TRY IT: Only the lines below from the one that holds "Toyota Avensis - 5" through the one that holds "Does Disneyland Paris ever get full?" should appear in the answer, copied exactly, end lines included and pictures omitted.

MATERIAL PROVIDED:
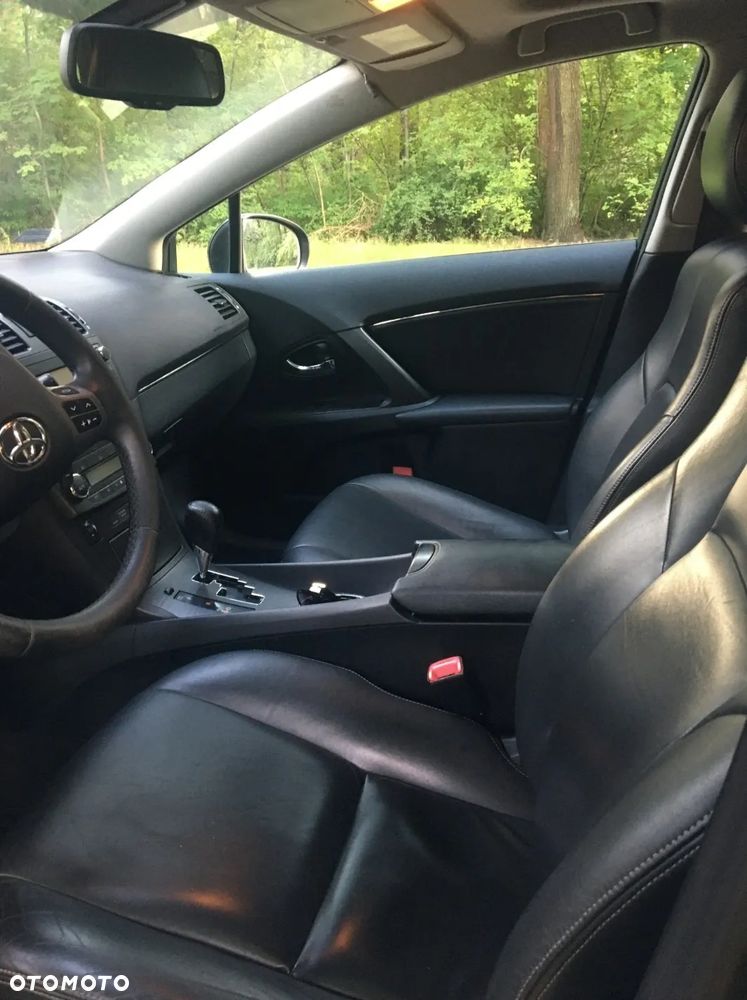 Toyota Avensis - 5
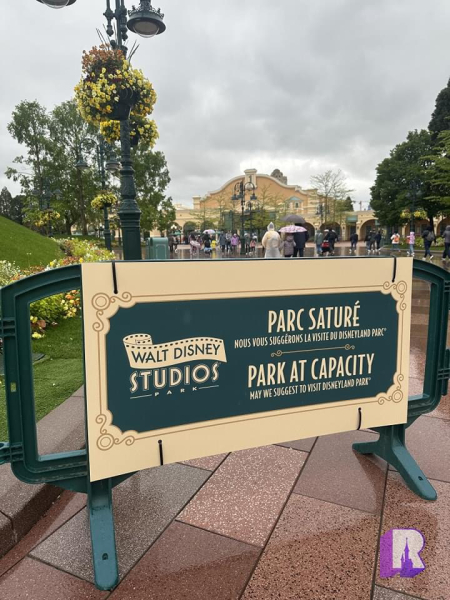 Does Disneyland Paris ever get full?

--

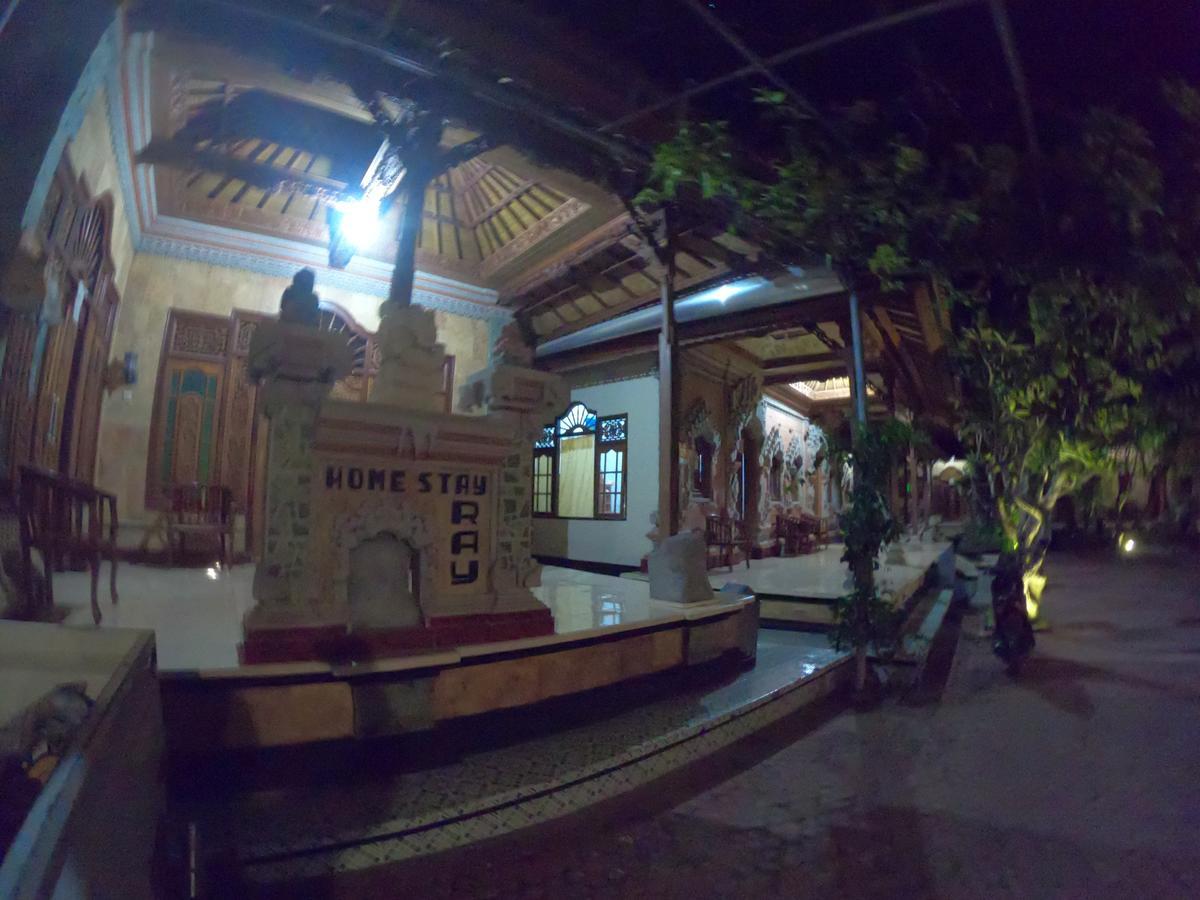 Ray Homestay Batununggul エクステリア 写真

* * *

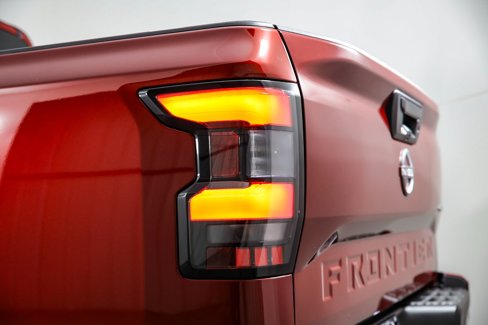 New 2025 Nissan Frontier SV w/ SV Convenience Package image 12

REPLY TO THE EXERCISE:
 Toyota Avensis - 5
 Does Disneyland Paris ever get full?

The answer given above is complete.